>> Wednesday, November 25, 2009
Hi Boris, Chris, Doug and Ed
Hey, how's it going. I hope that you are all well.
Like a mall on Black Friday, around here it's peak Eclipse committing season. Lots of bugs to fix. Lots of builds to run. As you know, builds are quite a pain point at Eclipse. I'm excited about the possibilities in the b3 project to make things better. Building software is complex, and Eclipse is no exception. In additional to tooling to make builds easier, we need hardware to make builds faster. Our build today takes about five hours to complete, and an additional 6.5 hours for the tests to complete. Really, it's not pretty.
Many eclipse projects run their builds on Hudson on build.eclipse.org. Hudson is fantastic because there's a rich set of plugins that you can use to enhance the functionality of your build. Also, since this server has local access to the eclipse.org filesystem for code checkouts, you're less prone to network errors which can break the build. It also has ldap integration with your commiter login so you can restrict your build configuration to the commiters on your project. In theory, if you need more build machines to run your build - you can use the Amazon EC2 plugin to provision more machines in the cloud, or other plugins to start builds on local slave machines. Good stuff.
However, one of the things that the foundation doesn't provide today is test machines. This means that we can't run our build at the Eclipse foundation. The Eclipse Project builds zips for 14 different platforms. We run JUnit tests on three native platforms: Windows, Linux and Mac. They are the most commonly downloaded platforms. We need test machines to ensure that we don't have any bugs specific to a platform. Why do our tests take so long? We have 54,000 JUnit tests. You don't produce quality software by skimping on tests.

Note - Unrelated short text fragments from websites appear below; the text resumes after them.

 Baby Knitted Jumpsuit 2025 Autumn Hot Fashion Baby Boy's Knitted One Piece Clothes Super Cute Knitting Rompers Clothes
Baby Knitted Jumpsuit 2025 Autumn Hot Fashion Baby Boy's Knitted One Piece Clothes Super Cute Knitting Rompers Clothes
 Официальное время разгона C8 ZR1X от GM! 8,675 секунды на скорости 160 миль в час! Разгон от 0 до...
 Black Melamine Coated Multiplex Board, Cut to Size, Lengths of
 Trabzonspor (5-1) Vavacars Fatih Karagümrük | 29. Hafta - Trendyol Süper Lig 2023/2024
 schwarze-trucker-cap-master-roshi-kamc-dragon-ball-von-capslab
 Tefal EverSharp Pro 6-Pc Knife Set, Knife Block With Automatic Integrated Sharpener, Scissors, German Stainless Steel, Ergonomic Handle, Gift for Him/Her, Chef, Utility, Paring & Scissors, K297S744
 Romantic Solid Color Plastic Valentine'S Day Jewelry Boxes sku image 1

This isn't just about the Eclipse and Equinox projects. This could be very useful for other projects, for instance, the XSL tools project has expressed interest in using test servers. In addition, these machines could be used as slaves machines for running the build in the event that the main Hudson server is too busy. If we had enough machines, we could run more tests in parallel and reduce the time it takes our build to complete. This would be a big win for the community and our committers.
One thing I investigated in running tests in the cloud. However, most cloud services don't have provide a way to run tests on Macs and we need to make sure that our Mac users are happy. If there is a way, I'd appreciate a link. In addition, one of the advantages of running tests on machines local to the eclipse.org filesystem is that we don't spend time copying stuff back and forth across the network. It's just there.

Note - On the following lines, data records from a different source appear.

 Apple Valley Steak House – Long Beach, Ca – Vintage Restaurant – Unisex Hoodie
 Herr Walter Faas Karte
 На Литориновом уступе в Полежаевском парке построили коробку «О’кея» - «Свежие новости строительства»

So, what I'm asking from you is at the next board meeting, please bring up the issue of funding test infrastructure at the Eclipse foundation. It might be even be an advertising opportunity for one of the member companies if they donated hardware. Other companies could donate money to pay for the additional rack space. I don't know right now what the final technical solution will be or what it will cost. All I'm asking right now is to start the conversation.

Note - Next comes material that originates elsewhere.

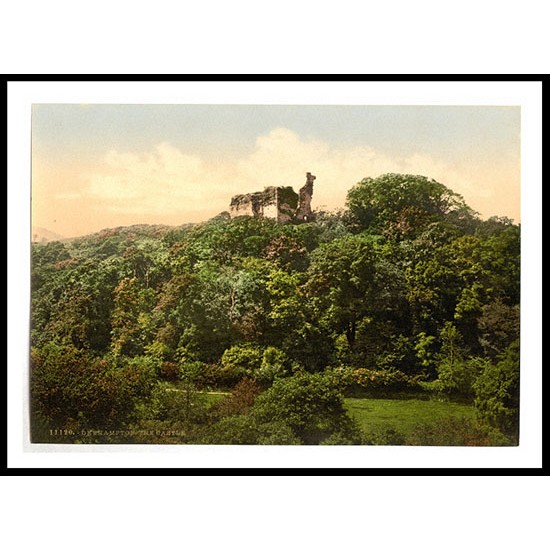 Okehampton The castle England, A New Print Of an English Photochrom Image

For many years, the Eclipse project has been criticized for not being open enough. Having our build process fully on eclipse.org servers would make us more open. It would also allow any of the Eclipse and Equinox project committers, regardless of company affiliation, to initiate a build. It we had enough hardware, our build could be faster and we could spend less time waiting for builds, and more time fixing bugs the builds reveal.
Please bring this issue up and the next board meeting.
P.S. Right now we have the following test machines and our tests take about 6-8 hours to complete. Obviously, if we had more machines running tests in parallel, the build would take less time.
1) JUnit: 2 linux, 2 windows, 1 mac, 1 test cvs server,
2) Performance: 2 windows, 2 linux, 1 database server